--- START ---

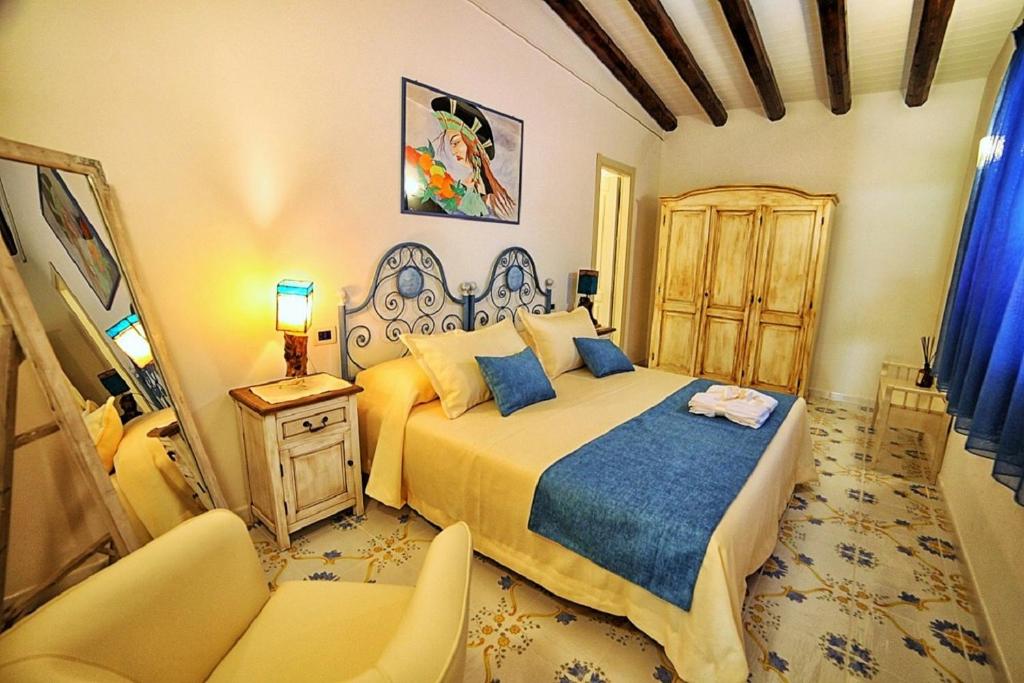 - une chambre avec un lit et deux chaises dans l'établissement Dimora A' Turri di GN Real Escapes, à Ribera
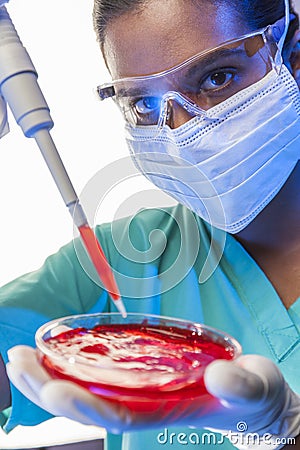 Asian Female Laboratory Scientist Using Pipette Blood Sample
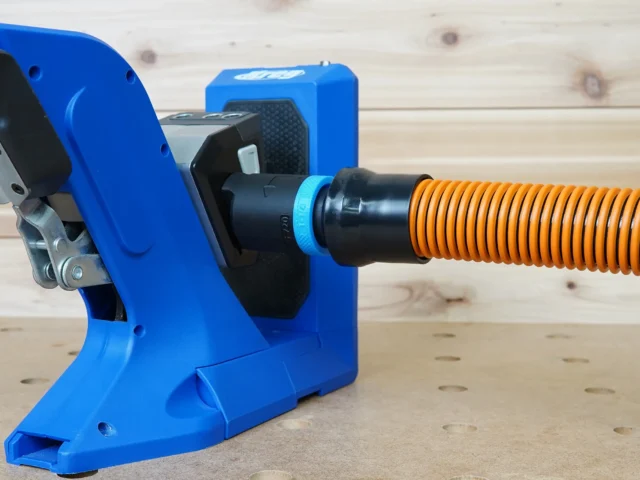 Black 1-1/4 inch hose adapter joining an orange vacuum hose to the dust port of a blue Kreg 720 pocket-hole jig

--- END ---

Would you output the listing above verbatim, without its pictures?

 - une chambre avec un lit et deux chaises dans l'établissement Dimora A' Turri di GN Real Escapes, à Ribera
 Asian Female Laboratory Scientist Using Pipette Blood Sample
 Black 1-1/4 inch hose adapter joining an orange vacuum hose to the dust port of a blue Kreg 720 pocket-hole jig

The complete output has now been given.